К тому же, как отмечает Т. Яковлева, ни накануне перехода к шведам, ни после Мазепа даже не издал официального универсала, объясняющего и оправдывающего этот поступок, вроде «Манифеста европейским державам», опубликованного в свое время Выговским. Помышляй гетман об измене хотя бы за месяц-другой до того, ничто не мешало ему отпечатать сколь угодно большой тираж в батуринских типографиях. А если почему-то не успел или не сообразил (это Иван Степанович-то?!), ничто не мешало ему воспользоваться услугами полевой типографии шведов. То есть ею-то он как раз воспользовался, но вместо убедительного документа, готовить которые гетман умел на зависть любому, в народ пошла романтично-эмоциональная бодяга о «борьбе за казачью волю» и прочем, против чего всю жизнь и не без успеха боролся Мазепа.

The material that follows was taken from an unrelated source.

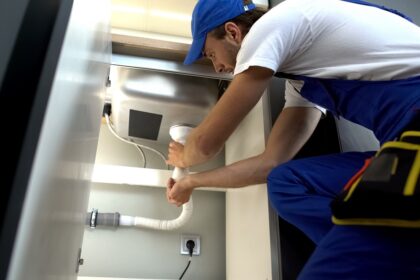 24/7-emergency-plumbing-service:-how-it-helps-with-sewer-line-issues-and-more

И еще. Гетман, выросший в бедности, очень дорожил достигнутым достатком. Готовя измену, он, тертый калач, не мог не учитывать, что война — всегда палка о двух концах и, надеясь на лучшее, следует готовиться к худшему. Имения, понятно, не увезешь, коллекции, мебель и прочее хоть и под охраной, но тоже сгинут, если Батурин падет. Что делать? Меншиков позже — в куда менее стремной ситуации — перевел часть своих миллионов в надежный закордонный банк; аналогично поступил, отправляясь на ковер в Петербург, и Павло Полуботок; а Мазепа вряд ли был глупее обоих. Однако же ничего никуда не переводил. Правда, уходя к Карлу, захватил с собой войсковую казну, но эти деньги не были его собственностью, что, кстати, позже имело последствия. Точно известно, что после смерти гетмана (не скоропостижной, времени на завещание хватало) его «ближнему кругу» пришлось туго. В частности, Филипп Орлик существовал сперва на дотации турок, потом на французский пенсион.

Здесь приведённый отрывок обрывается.